Son héros, né dans un hebdo de Chicago, a transité
par les pages de The Acme Novelty Library. Avec sa
tristesse endémique, ses intrigues croisées, son talent
et sa finesse, ce roman graphique rafle les distinctions.
La force de Jimmy Corrigan - comme celle de l’oeuvre
de Ware - c’est l’ésotérisme élégant. On le discerne dans
la disposition tête-bêche ou à 90° de certains dessins.
Dans les indices discrets émaillant cases et schémas, que
des lecteurs s’acharnent à repérer, au fil d’une lecture qui
peut ne pas avoir de fin.
Partout chez Ware poussent des buildings.
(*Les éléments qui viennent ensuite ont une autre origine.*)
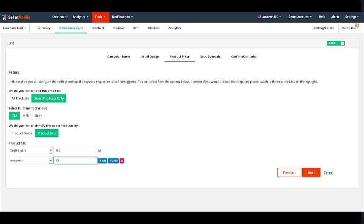And when you have selected all the products individually or by a filtered range through these options, click Next to proceed to the final step of setting up an email with our feedback generator tool.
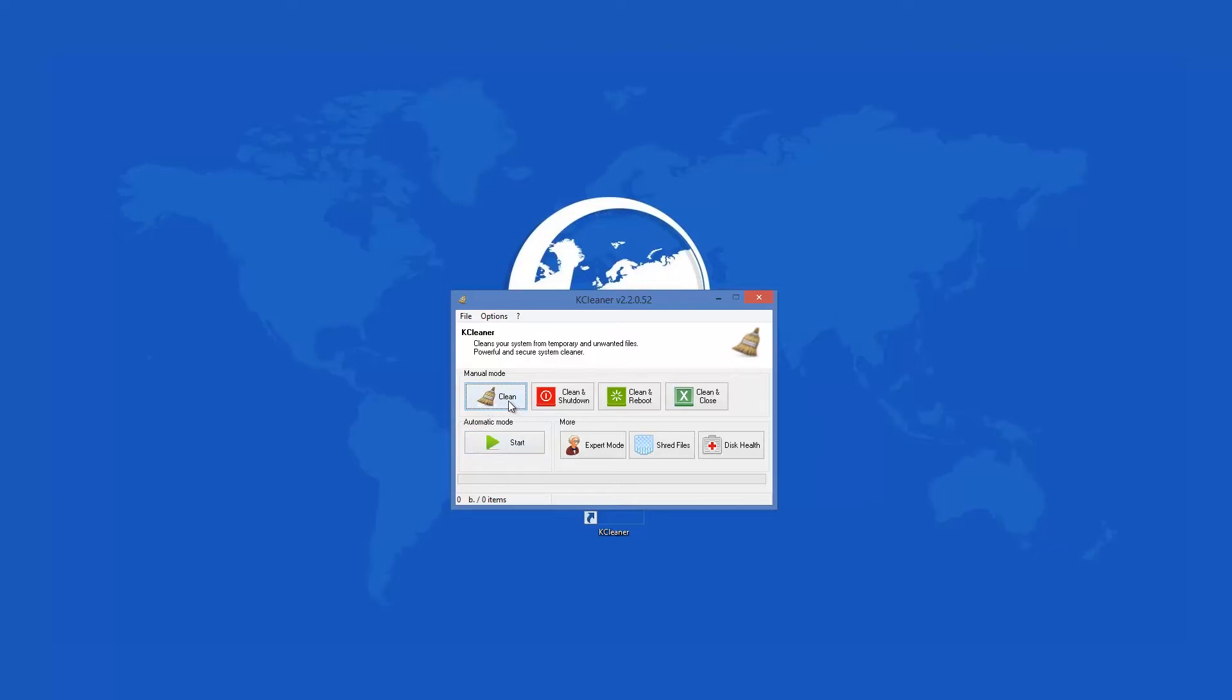KCleaner offers many ways which you can clean your PC. The first one is a simple clean. Its options can be adjusted in many ways from the settings because there you can select any file type that you want to be removed.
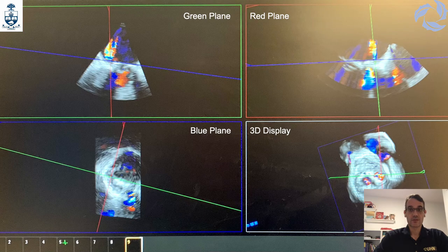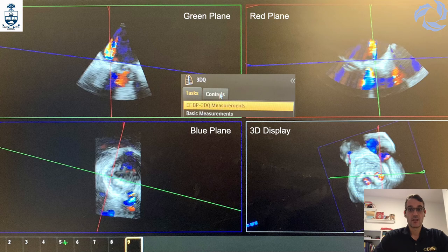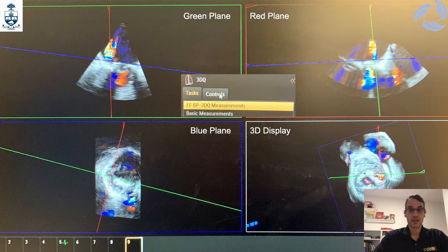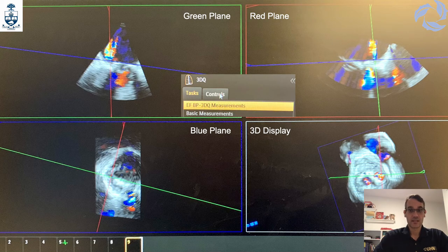To assess the degree of a mitral paravalvular leak with multiplane reconstruction using Philips Q-Lab, go to 3DQ. In the green plane, equivalent to the mid-esophageal mitral commissural view in TEE, align the red line perpendicular to the vena contracta of the paravalvular leak regurgitant jet, then align the blue line parallel to it. In the red plane at 90 degrees, confirm the green and blue lines intersect at the middle of the vena contracta width. The 3D vena contracta cross-sectional area will then be displayed in the blue plane, with the green and red lines intersecting in the middle at the bottom left of the screen.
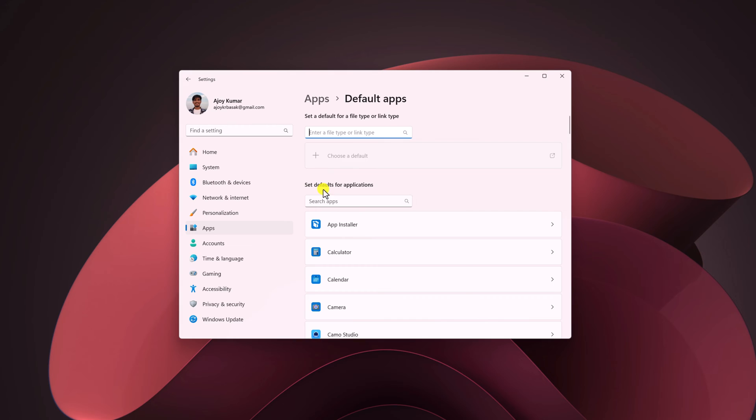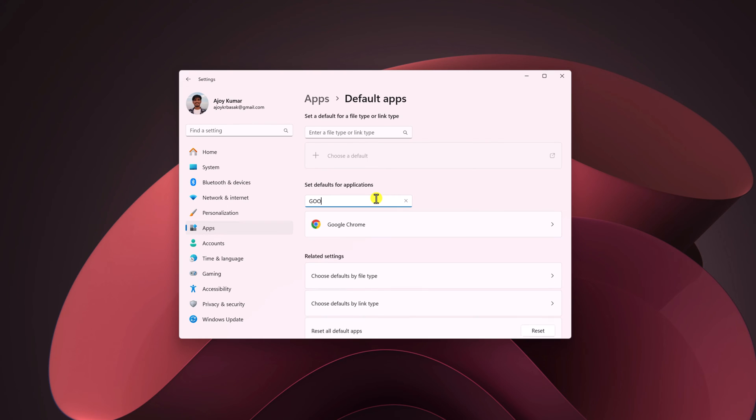Here on the search default for application search bar, search for the browser that you want to set as default. Say for example, I want to set Google Chrome as the default browser. I will simply search for Google Chrome.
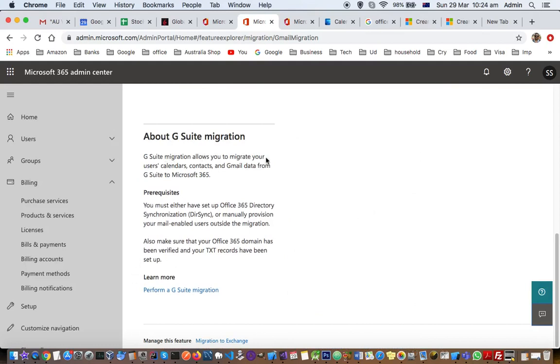G Suite migration allows you to migrate your users' calendars, contacts, and Gmail data from G Suite to Microsoft 365. There are prerequisites for this.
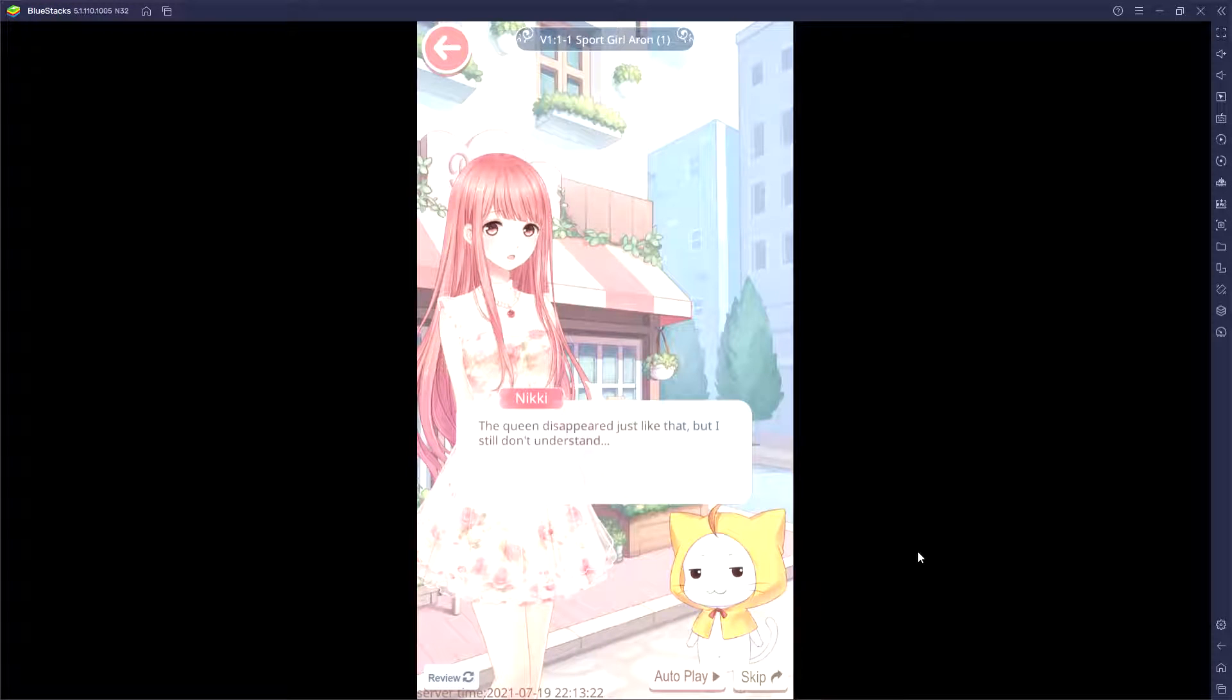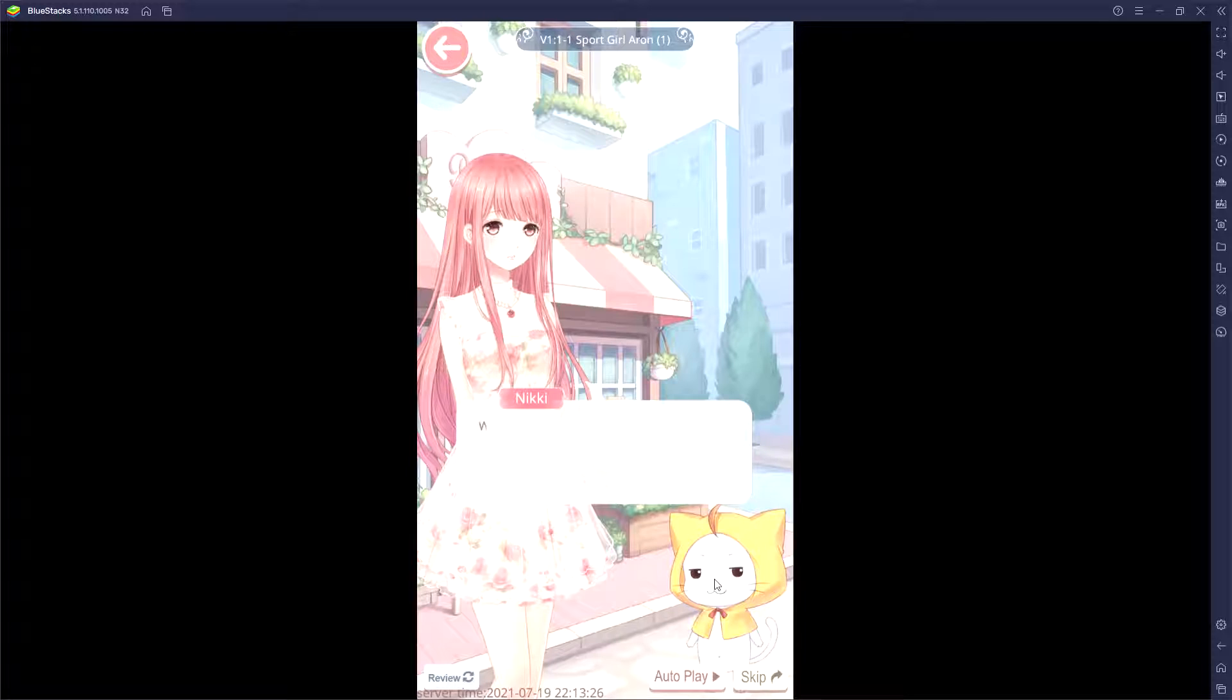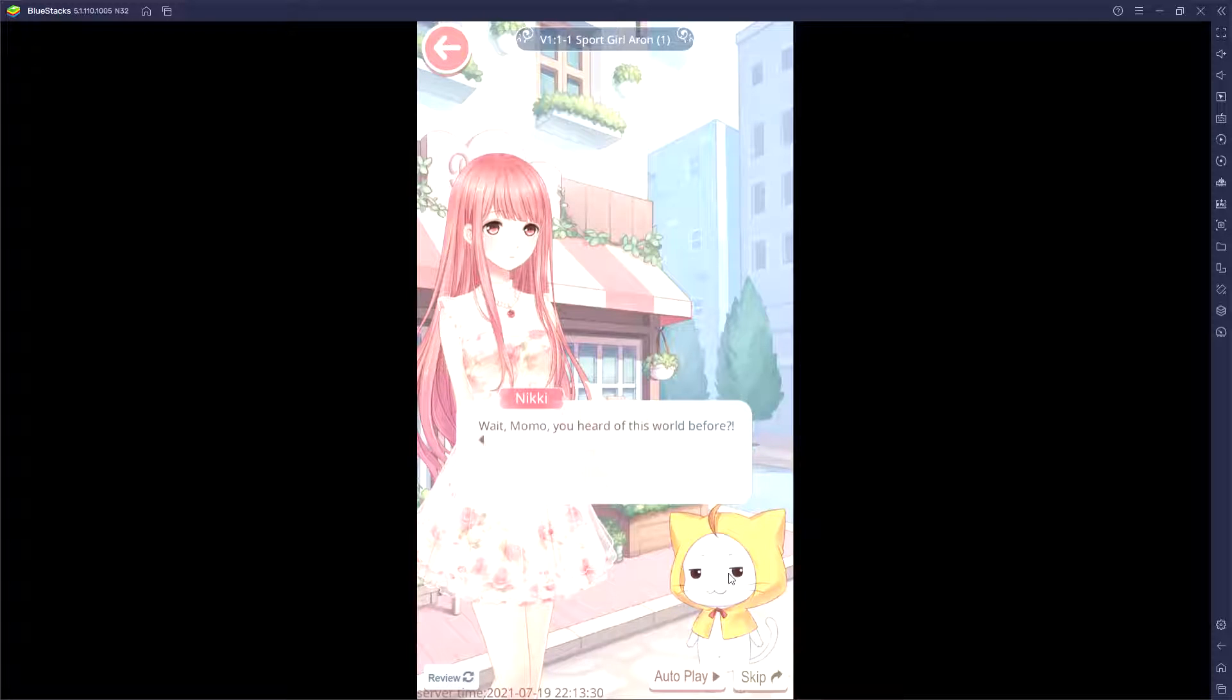Disappeared just like that, but I still don't understand. Wait, Momo, you heard of this world before?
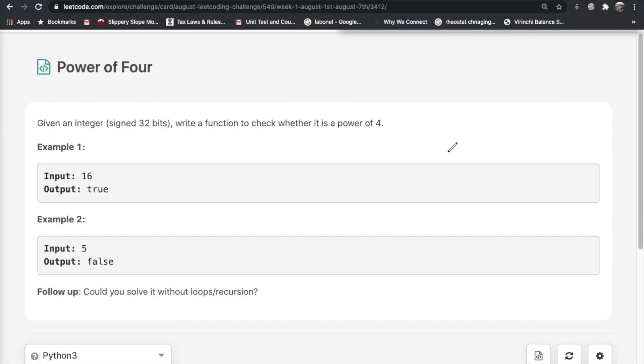Hey guys, welcome back to another video. Today we're going to be solving the LeetCode question Power of Four. This is a pretty simple question. We're given an integer and we need to write a function to check whether or not it's a power of 4.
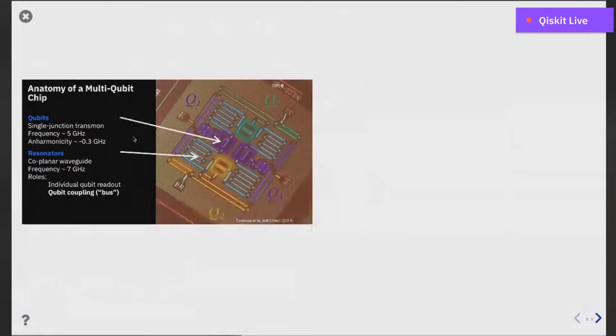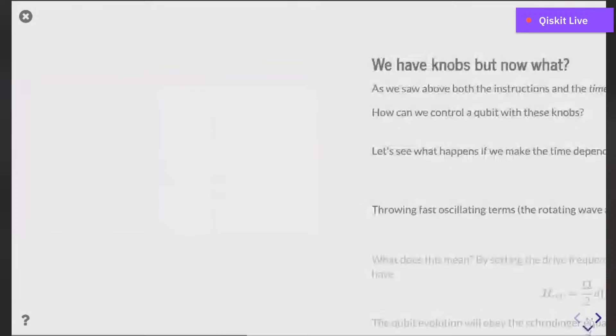What do our quantum chips look like? For the most part we use single junction transmons — they have a frequency of around five gigahertz and are coupled together with resonators, specifically coplanar waveguides, which typically have frequencies of around seven gigahertz. You can think of it as two qubits coupled together with a resonator between them. Our qubits also have a measurement resonator coupled to them, where we send in our measurement stimulus tone to interact with the qubits weakly through that resonator and project their states. We can look at the tone reflected from that measurement resonator to determine the state.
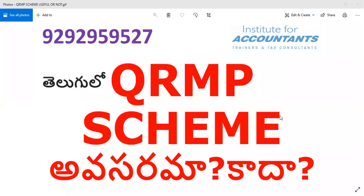Hello friends, I am Balaji. I am going to share a video about the Institute for Accountants on the YouTube channel. If you want to subscribe, click on the red subscribe button and click on the bell icon.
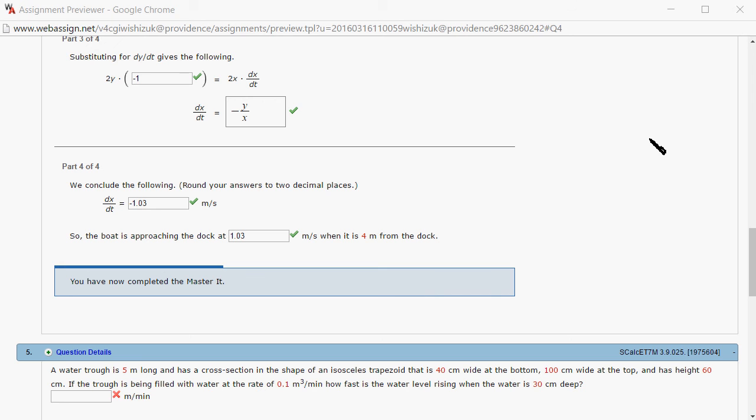I came back and looks like we got this one correctly. That's it. I hope this was clear.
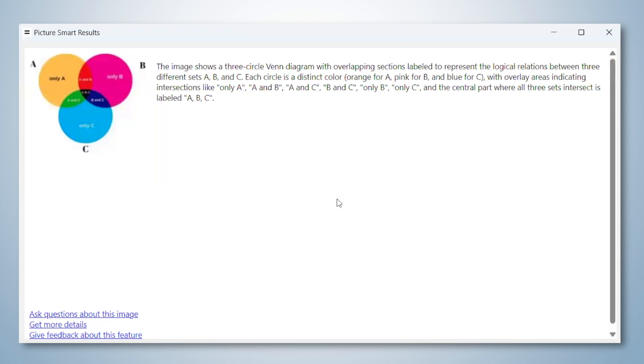The image shows a three-circle Venn diagram with overlapping sections labeled to represent the logical relations between three different sets A, B, and C.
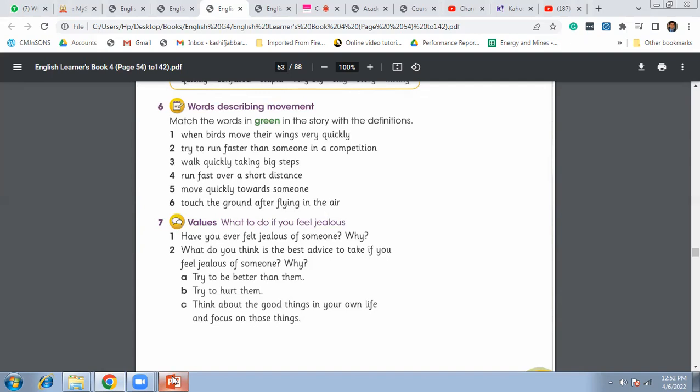Try to leave the second one, but there are two options, right? To be better than them, try to hurt them, think about the good things in your life and focus on those things. I think option C is the most appropriate. That's it for today. I will see you in the next class.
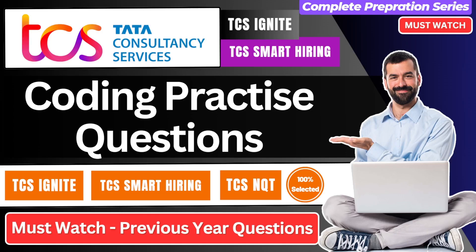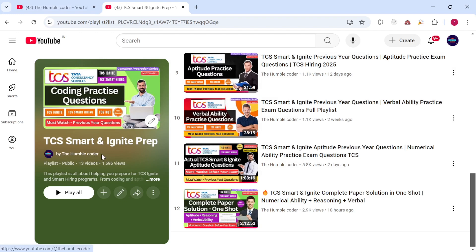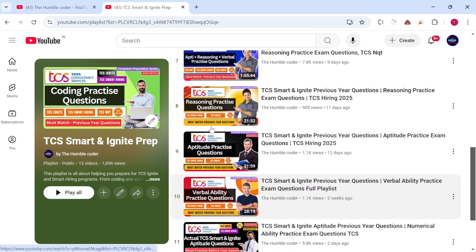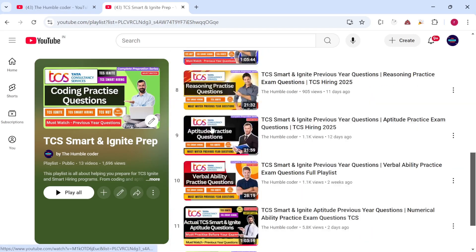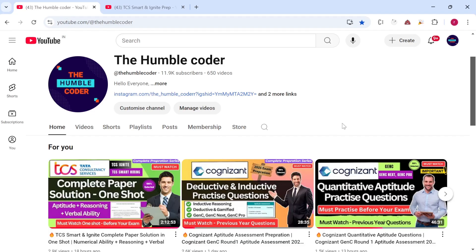Hello everyone and welcome back to the channel. In this video we are going to solve coding practice questions which are going to be helpful for your upcoming TCS Ignite exam. If you are preparing for your TCS Ignite exam and want to practice coding questions, this video is going to be helpful. There is already one video posted with around 10 practice coding questions available in the TCS NQT and Ignite prep playlist. In this video we are going to solve more coding questions.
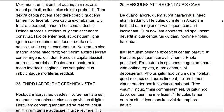In qua centaurus quidam — in which a certain centaur. Remember qui, quae, quod means 'who' or 'which'; when you put '-dam' on the end of its forms it turns it into 'a certain one.' So in which a certain centaur, nomine Pholus — by name Pholus — habitabat, lived.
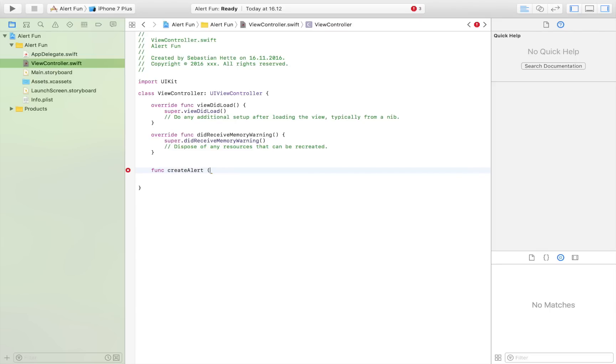There are two elements to an alert: a title and a message. Whenever we call the function we want to also pass that to the function—we want to tell the function which title to display and which message to display.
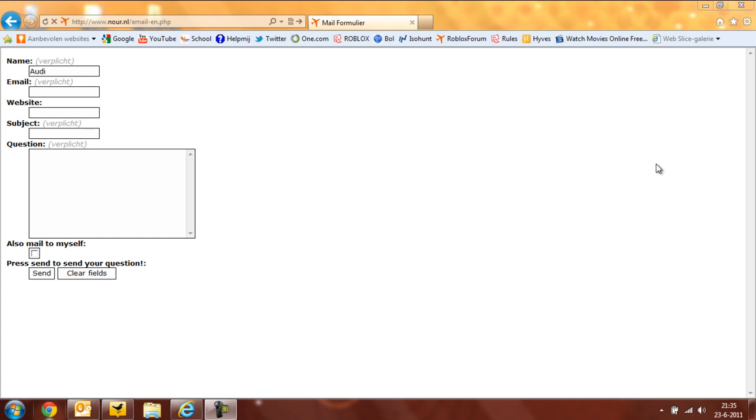Hello everybody, Audi80 Roblox again with a video, finally. I know I haven't been posting any videos in weeks. I had busy periods, but tomorrow is my last day of school, so then I'll have holiday or vacation, or however you want to call it.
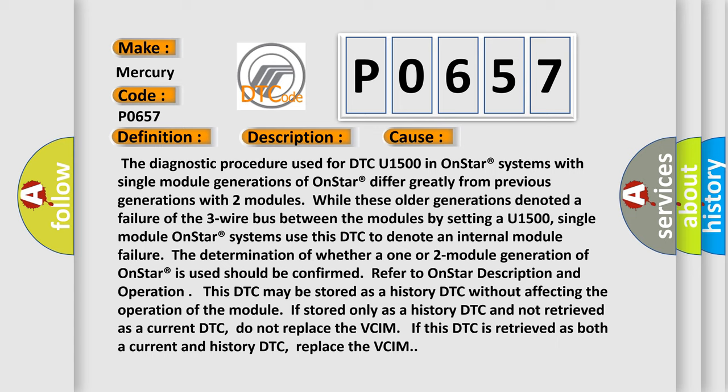The determination of whether a one or two module generation of OnStar is used should be confirmed. Refer to OnStar description and operation. This DTC may be stored as a history DTC without affecting the operation of the module if stored only as a history DTC and not retrieved as a current DTC.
Hauts,
répétitifs, façades de pierre ou de terre cuite. Fenêtres
rectangulaires reproduites à l’identique : c’est la patte
rigoureuse de l’école de Chicago. Ce style est l’une des
passions de l’artiste, et cette ville est devenu le centre de
sa fiction. Building Stories - « Histoires de bâtiments »,
« Bâtir des histoires » ou même des « étages » - prend
l’aspect d’une boîte de jeu recelant comics, album
relié, strips, formats géants et même un faux Petit Livre
d’or, tous composant l’histoire. Monographie, dernier
ouvrage en date de Ware, propose d’anciens clichés
et des maquettes à monter soi-même de bâtiments et
d’appareils. Le modèle réduit est un relais entre son
monde et le nôtre, du petit quartier de banlieue en
balsa au cinéma à manivelle en carton léger. Dans ses
dessins, le changement d’échelle fait voisiner les cases
microscopiques et les personnages format tabloïd. Enfin,
Monographie témoigne de l’évolution stylistique de Chris
Ware, qui reprend désormais en dessin manuel les codes
numériques, souris, colorimétrie, etc.
L’oeuvre de Chris Ware peut faire sienne la réflexion de
Georges Perec à propos de La vie, mode d’emploi, ce
roman-puzzle consacré à la vie d’un immeuble parisien :
« un livre pour jouer avec. » Elle est soeur aussi de
l’approche de Richard McGuire, l’auteur de Here (Ici).
L’un explore l’espace. En fixant son regard sur un coin
d’Amérique, l’autre traverse les années et les millénaires.
Deux façons de donner à lire en la cryptant la gravité
de l’existence, par une démarche graphique inédite qui
renforce encore la difficulté de l’exercice.